In a possible implementation, the step S702 may include the following steps:
s7021: and judging whether the fault handling scheme is a preset automatic handling type.
S7023: and if so, executing the processing flow instance by utilizing an automation platform, and acquiring an execution result returned by the automation platform.
S7025: if not, forwarding the handling process instance to a node of a target processing object by using an automation platform, so that the target processing object handles the target fault instance according to the handling process instance, and obtains an execution result returned by the target processing object.

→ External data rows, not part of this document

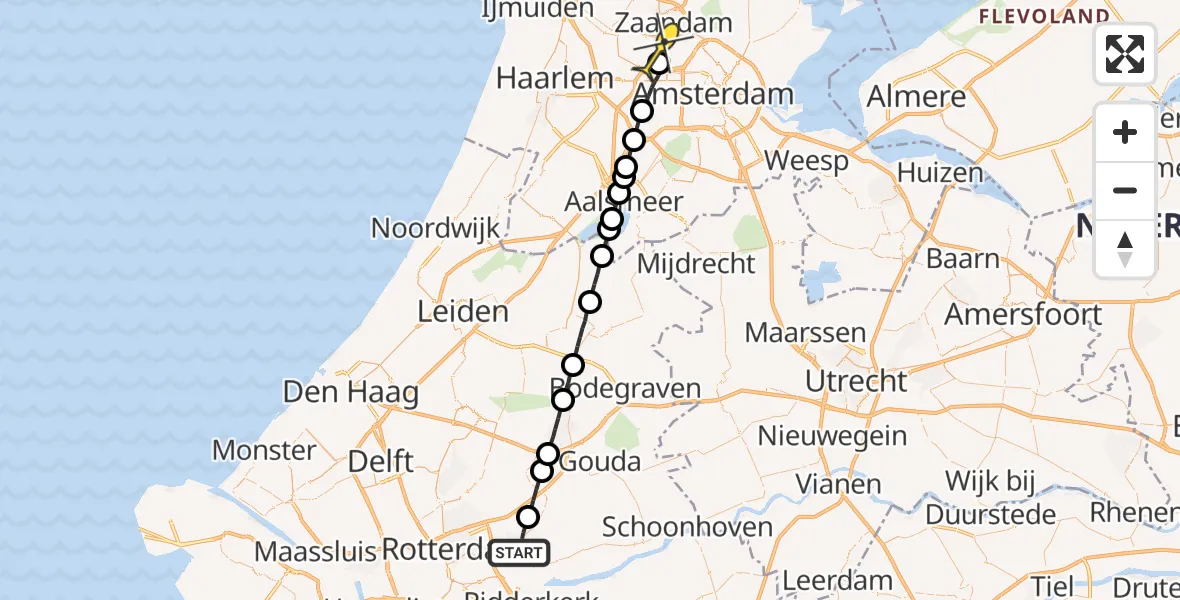 Routekaart van de vlucht: Lifeliner 1 naar Amsterdam Heliport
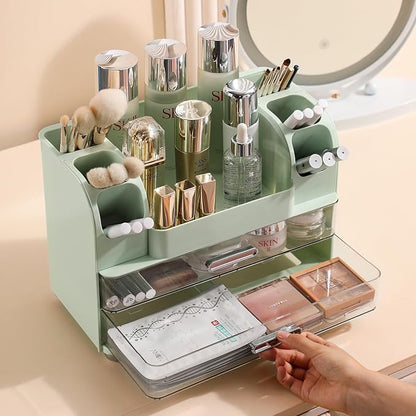 Anyoifax Makeup Organizer Countertop with Large Drawers, Vanity Organizer with Brush Holder, Skin Care Storage for Dresser, Perfume Organizer for Lotion, Lipsitck, Palette, Green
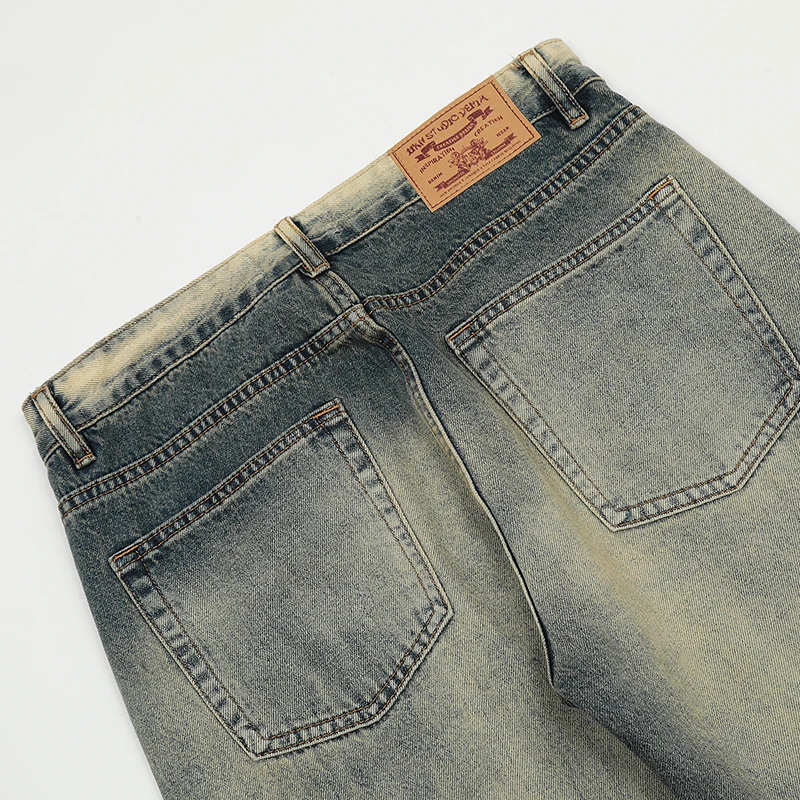 UPRAKF Streetwear Faded Blue Jeans Pocket Denim Pants Pantalones Streetwear Basic High Street Distressed Casual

S109: and checking the execution result to finish the treatment of the target fault instance.
In one embodiment of the present specification, the verification manner of the execution result may specifically include index comparison before and after fault handling, system health check, and failure-in-process analysis of the rerun fault tree. If the fault is confirmed to be eliminated, the fault handling process is ended; if the fault is not eliminated, the root cause analysis step can be returned again to re-determine the root cause and the fault solution. And after the treatment result is automatically checked, a treatment report and evaluation are synchronously generated and sent to the operation and maintenance manager.
In another embodiment of the present specification, specifically, the fault handling method may further include:
s901: a fault list is generated from at least one fault instance.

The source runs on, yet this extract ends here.